目次
はじめに:pHは“酸性・アルカリ性”だけで見るものではない
美容の現場では、pHという言葉がよく出てきます。
酸性。
中性。
アルカリ性。
弱酸性。
酸性ストレート。
アルカリカラー。
酸処理。
後処理。
これらの言葉は、サロンワークの中でもよく使われます。
しかし、pHは単に、
酸性だから優しい。
アルカリだから傷む。
弱酸性だから安全。
高pHだから危険。
というように、良い悪いだけで見るものではありません。
もちろん、pHは髪への影響を考えるうえで重要です。
アルカリ側では、髪が膨潤しやすくなります。
薬剤がなじみやすく見えることもあります。
還元剤や酸化染毛剤を働かせるうえで、必要な条件になる場合もあります。
一方で、酸性側では、髪が引き締まったように感じたり、手触りが変わったり、処理剤や皮膜の残り方に影響することもあります。
だからといって、酸性なら必ず安全で、アルカリなら必ず悪いという話ではありません。
大切なのは、pHを“性格の良い数字・悪い数字”として見ることではなく、キューティクル表面の状態を動かす条件として見ることです。
髪に薬剤や処理剤が触れる時、最初に関わるのはキューティクル表面です。
カラー剤。
ブリーチ剤。
パーマ剤。
縮毛矯正剤。
処理剤。
トリートメント。
酸処理剤。
シャンプー。
ホームケア剤。
これらは、まずキューティクル表面に触れます。
その時、キューティクル表面がどのような状態にあるかで、薬剤や成分のなじみ方は変わります。
なじみやすい。
弾きやすい。
広がりやすい。
残りやすい。
吸着しやすい。
ムラになりやすい。
重くなりやすい。
こうした違いには、髪の履歴や表面脂質、親水化、皮膜残留など、さまざまな要素が関わります。
その中のひとつが、pHです。
pHが変わると、キューティクル表面の電離状態が変わる場合があります。
電離状態が変わると、キューティクル表面の電荷状態も変わることがあります。
電荷状態が変わると、薬剤や処理剤、染料、カチオン成分、金属イオンなどの引き寄せ方や反発の仕方にも関わってきます。
つまり、pHは単なる酸性・アルカリ性の分類ではありません。
キューティクル表面が、何を受け取りやすいのか。
何を弾きやすいのか。
何が残りやすいのか。
どこで薬剤がなじみやすいのか。
どこでカラーが沈みやすいのか。
こうした現象を読むための、ひとつの入口になります。
たとえば、同じ薬剤を使っても、根元と毛先でなじみ方が違うことがあります。
根元では弾くように見える。
毛先ではすぐになじむように見える。
顔まわりだけ反応が早く見える。
ブリーチ履歴部だけ色が吸い込まれるように見える。
既矯正部だけ薬剤の入り方が違って見える。
この時、薬剤の強さだけで判断すると、読み違えることがあります。
そこには、キューティクル表面のpH環境、電荷状態、親水化、皮膜残留、履歴差が関わっている場合があります。
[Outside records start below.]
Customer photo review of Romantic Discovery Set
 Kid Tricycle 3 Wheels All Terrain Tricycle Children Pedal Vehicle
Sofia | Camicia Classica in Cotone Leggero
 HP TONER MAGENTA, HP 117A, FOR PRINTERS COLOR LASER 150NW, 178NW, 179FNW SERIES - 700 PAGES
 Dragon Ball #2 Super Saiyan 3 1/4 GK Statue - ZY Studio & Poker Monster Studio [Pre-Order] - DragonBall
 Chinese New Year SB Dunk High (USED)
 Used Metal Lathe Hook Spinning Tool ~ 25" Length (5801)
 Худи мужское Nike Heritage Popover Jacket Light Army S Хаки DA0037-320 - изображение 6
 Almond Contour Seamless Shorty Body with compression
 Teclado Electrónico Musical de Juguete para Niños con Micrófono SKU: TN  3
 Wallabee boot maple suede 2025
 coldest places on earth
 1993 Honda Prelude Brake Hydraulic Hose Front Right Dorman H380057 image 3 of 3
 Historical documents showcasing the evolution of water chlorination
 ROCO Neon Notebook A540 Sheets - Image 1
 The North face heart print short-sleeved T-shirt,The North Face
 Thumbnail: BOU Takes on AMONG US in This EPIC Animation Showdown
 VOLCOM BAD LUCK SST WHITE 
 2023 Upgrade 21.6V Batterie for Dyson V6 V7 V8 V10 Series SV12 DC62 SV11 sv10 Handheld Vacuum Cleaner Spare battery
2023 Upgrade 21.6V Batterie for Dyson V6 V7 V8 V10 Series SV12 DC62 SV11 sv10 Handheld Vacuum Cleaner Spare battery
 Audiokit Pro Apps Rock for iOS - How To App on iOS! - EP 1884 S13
だからこの記事では、pHを「酸性かアルカリ性か」だけで見ません。
pHによって、キューティクル表面の電離状態がどう変わるのか。
電離状態によって、電荷がどう変わるのか。
電荷によって、薬剤や成分の引き寄せ方、反発、吸着がどう変わるのか。
そしてそれが、サロンワークで見える現象にどうつながるのか。
ここを整理していきます。
pHと電荷を見ることは、化学用語を覚えることではありません。
目の前の髪が、薬剤や成分をどう受け取る状態になっているのかを読むための視点です。
キューティクル表面の“電気的な受け取り方”。
ここから、pHと電荷の話を考えていきます。
pHは髪そのものの固定値ではなく、水溶液環境として見る
pHを考える時に、まず整理しておきたいことがあります。
それは、pHは基本的に水溶液の性質だということです。
美容の現場では、
髪のpH。
頭皮のpH。
薬剤のpH。
シャンプーのpH。
トリートメントのpH。
酸性ストレートのpH。
アルカリカラーのpH。
というように表現されることがあります。
この言い方は、現場で説明するうえでは分かりやすい表現です。
ただし、正確に考えるなら、髪そのものが水溶液のように一定のpHを持っているというより、髪が触れている水溶液環境によって、キューティクル表面の状態が変わると考えた方が自然です。
髪は固体です。
一方で、pHは水の中での酸性・アルカリ性を示す指標です。
つまり、髪を見る時には、
髪そのもののpHが何か。
というよりも、
その髪が、今どのようなpH環境に触れているのか。
そのpH環境によって、キューティクル表面がどう動くのか。
ここを見ることが大切です。
たとえば、髪はサロンワークの中でさまざまなpH環境に触れます。
シャンプー。
トリートメント。
カラー剤。
ブリーチ剤。
パーマ剤。
縮毛矯正剤。
酸処理剤。
後処理剤。
ホームケア剤。
それぞれのpH環境によって、キューティクル表面の状態は変わります。
アルカリ性の薬剤に触れれば、髪は膨潤しやすくなります。
酸性の処理に触れれば、髪が引き締まったように感じることがあります。
中性付近であっても、成分の種類や濃度、界面活性剤、油分、ポリマー、処理剤の設計によって、髪のなじみ方や手触りは変わります。
つまり、pHは単独で髪を決めるものではありません。
しかし、キューティクル表面の受け取り方を変える条件のひとつです。
特に、薬剤施術では、この視点が大切になります。
カラー剤のpH環境。
ブリーチ剤のpH環境。
還元剤のpH環境。
酸処理剤のpH環境。
後処理のpH環境。
これらが髪に触れることで、キューティクル表面の電離状態や、薬剤のなじみ方、成分の吸着、皮膜の残り方が変わる場合があります。
だから、pHを見る時には、
酸性だから安全。
アルカリ性だから危険。
という単純な見方では足りません。
そのpH環境を、どの目的で使うのか。
どの部位に使うのか。
どのくらいの時間触れさせるのか。
どの薬剤成分と一緒に使うのか。
髪の履歴はどうなのか。
キューティクル表面はどのような状態なのか。
ここまで合わせて考える必要があります。
たとえば、健康毛に近い根元では、表面脂質や疎水性が残りやすく、薬剤が弾かれるように見えることがあります。
この時、薬剤のpHが高いからすぐに反応するとは限りません。
表面条件によって、なじみ方が変わるからです。
逆に、ブリーチ履歴やカラー履歴のある毛先では、薬剤がすぐになじむように見えることがあります。
この場合も、薬剤がちょうど良く反応しているとは限りません。
親水化や酸化履歴によって、キューティクル表面が受け取りやすくなっている場合があります。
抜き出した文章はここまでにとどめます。